29 Aralık 2016 Perşembe

Fırat Kalkanı operasyonu sürerken iktidar medyadan rahatsız. Nitekim Türk askerlerinin IŞİD tarafından diri diri yakıldığını gösterdiği iddia edilen görüntülerin sosyal medyada yayımlanması üzerine, sorulan soruları “Bu konuda teyit edilmiş bilgi yok” diye yanıtlayan Hükümet Sözcüsü Numan Kurtulmuş, basına gözdağı vermeyi de unutmamış:
- Medyadaki bazı arkadaşlar da ayaklarını denk alsın!
İktidarın rahatsızlığı yalnızca basınla değil, Cumhurbaşkanı, koalisyon güçlerinden de şikâyetçi. Tayyip Bey daha da ileri giderek, koalisyon güçlerinin teröre destek verdiğini ileri sürüyor.
El Bab’da IŞİD’i dört bir yandan kuşatmış olduğumuzu, buna karşılık koalisyon güçlerinin, başlangıçta teröre karşı birlikte mücadele sözü vermiş olmalarına karşın şimdi DEAŞ da dahil olmak üzere YPG-PYD’yi desteklediklerini, bunların hepsini resimleriyle, fotoğraflarıyla, video kayıtlarıyla belgeleyecek durumda olduklarını söyleyen Tayyip Bey’i savaş alanından gelen bilgilerin IŞİD ile olanları kısmen, PYD-YPG ile ilgili olanları ise tamamen doğruluyor.
IŞİD’in TSK’nin etkin saldırılarıyla sıkıştırıldığı dönemde, koalisyon güçlerinin terör örgütüne yönelik hava saldırıları, insansız hava araçları uçuşları durdurulmuş, böylece IŞİD’in, bütün güçlerini TSK’ye karşı yoğunlaştırılması sağlanmıştır.

***

“Koalisyon güçleri”nden muradın, ABD olduğunu belirtmeye gerek yok sanırım.
ABD, IŞİD’e dolaylı da olsa destek verdiğini inkâr ediyor.

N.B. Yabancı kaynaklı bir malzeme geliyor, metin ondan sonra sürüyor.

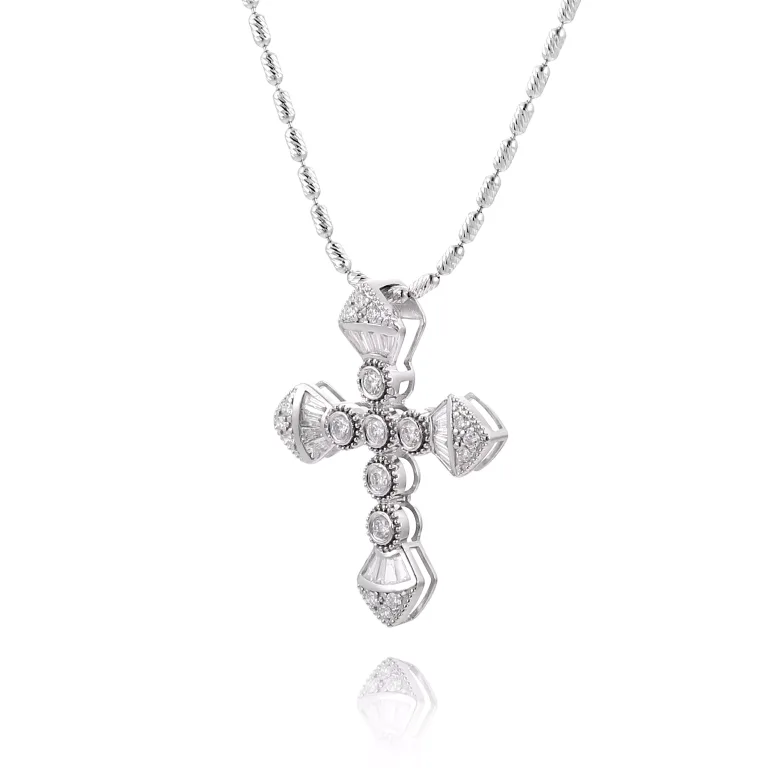 Art Deco Baguette and Round Diamond Cross Pendant in 18k White Gold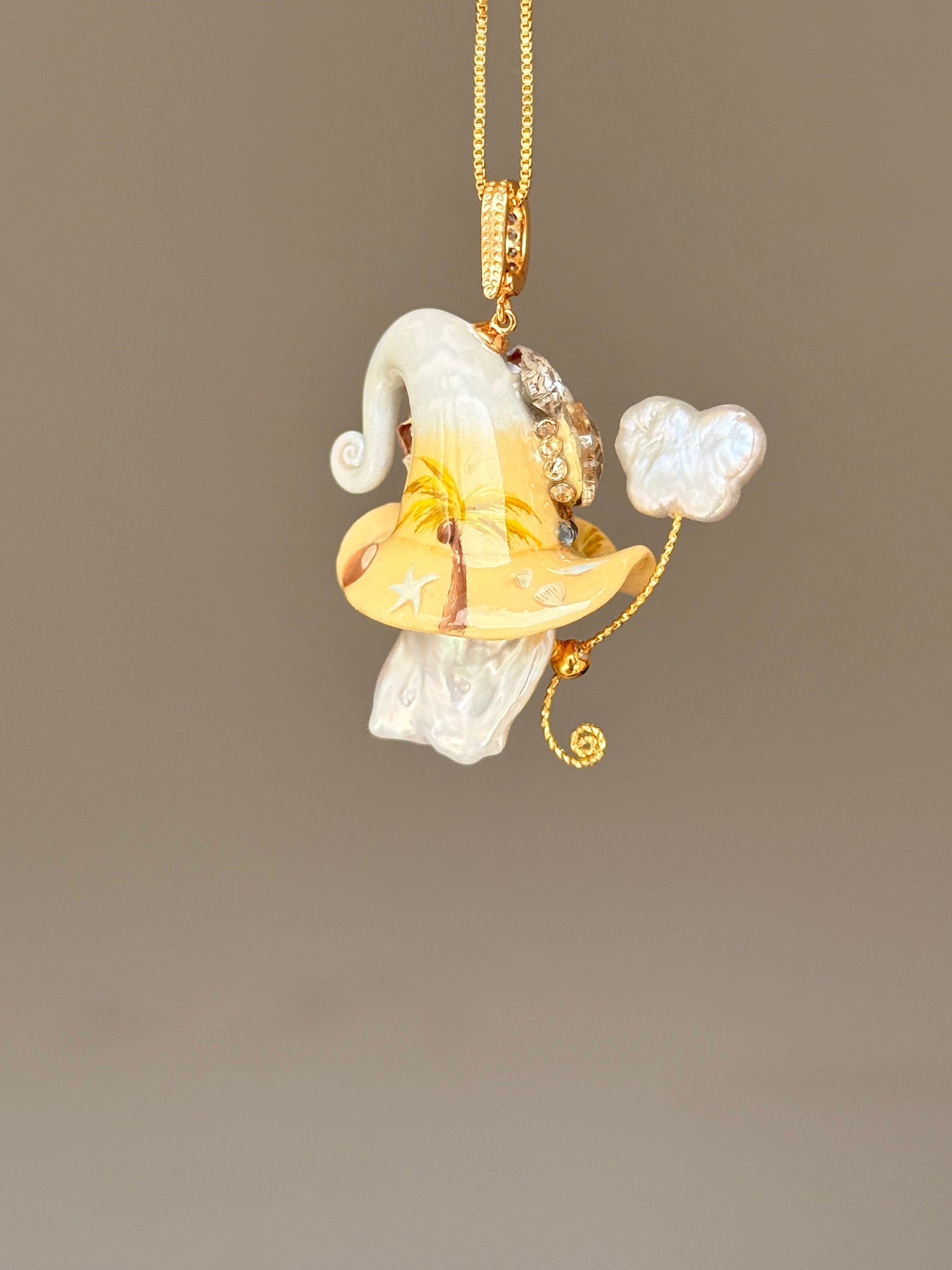 Coconut Cream Sprite Baroque Pearl Necklace SKUE1218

Ama PYD-YPG’yi kolladığını yadsımıyor.
Saygı Öztürk’ün Sözcü’deki köşesinde dün yazdığına göre, Türkiye Fırat Kalkanı Harekâtı’na başlarken İncirlik’te yapılan generaller toplantısında Amerikalı komutan, masaya Türkiye sınırının 20 kilometre güneyinden bir hat çizilmiş olan bir haritayı koyarak Türk generallerine şu uyarıyı yapmış:
- Bu çizilen hattın daha güneyine inilmesi doğru değil, bu durumda size İHA’larımız ve uçaklarımızla hava desteği veremeyiz.
ABD bölgede PYD-YPG’nin koridor oluşturmasını desteklediğini hiçbir zaman gizlemedi.
Washington’ın isteği, Türkiye’nin, IŞİD’in yok edilmesinden doğacak boşluğu PYD-YPG tarafından doldurulmasını seyretmesi, Rakka’da Türkiye’nin IŞİD karşısında tek başına savaşarak alanı temizlemesi, sonra da buraya PYD’nin yerleşmesine razı olmasıdır.
Kürt kartı ABD’nin Büyük Ortadoğu Projesi (BOP) ve Genişletilmiş Ortadoğu Projesi (GOP) projelerinin vazgeçilmezidir. Şimdi PKK’nin uzantısı PYD örneğinde bu gerçek bir kez daha gözler önüne serilmiş.
BOP’un eşbaşkanlığının gerçekte ne anlam taşıdığı da bu vesileyle bir kez daha ortaya çıkmış bulunmaktadır.
Her neyse, bütün bunlar eski defterleri karıştırmak ve BOP eşbaşkanının bugün içinde debelendiğimiz bataktaki sorumluluğunu anımsatmak için değil, ama içinde bulunduğumuz ortamda, asıl ayağını denk alması gerekenin Ankara olduğunu göstermek için anlatılıyor.

***

TSK’nin Suriye’de bugünkü varlığı, sorunlu, riskli ama önemli noktalarda dikkatli davranılması kaydıyla zorunludur.
Bu durumda dikkat edilmesi gereken hususların başında, ancak Ankara - Tahran - Moskova işbirliği neticesinde gerçekleştirilen bu operasyonun, anti-Esadcı, Amerikancı, ihvancı bir politika ile başarıya ulaşamayacağının artık kavranması ve yeni Suriye ve Ortadoğu politikasının bu gerçekler ışığında oluşturulması gelmektedir.
Türkiye’nin müttefiği olduğunu ileri süren ABD’nin, AB’nin de karşı olmadığı Suriye ve Ortadoğu politikası Türkiye’nin birliği ve toprak bütünlüğüyle çelişmektedir.
Bu durumda, Türkiye hem IŞİD hem de PYD-YPG’ye karşı harekâtını sürdürmek zorundadır.
Bu operasyonun çok yüksek maliyetli ve riskli olduğunu, aynı zamanda da Ankara’nın bölgedeki yeni ittifakı sayesinde gerçekleştirildiğini unutmamak gerekir.
Evet, Ankara, Suriye’de ayağını denk almak, hedeflerini doğru belirlemek, yeni durumun gereklerini yerine getirmek zorundadır.  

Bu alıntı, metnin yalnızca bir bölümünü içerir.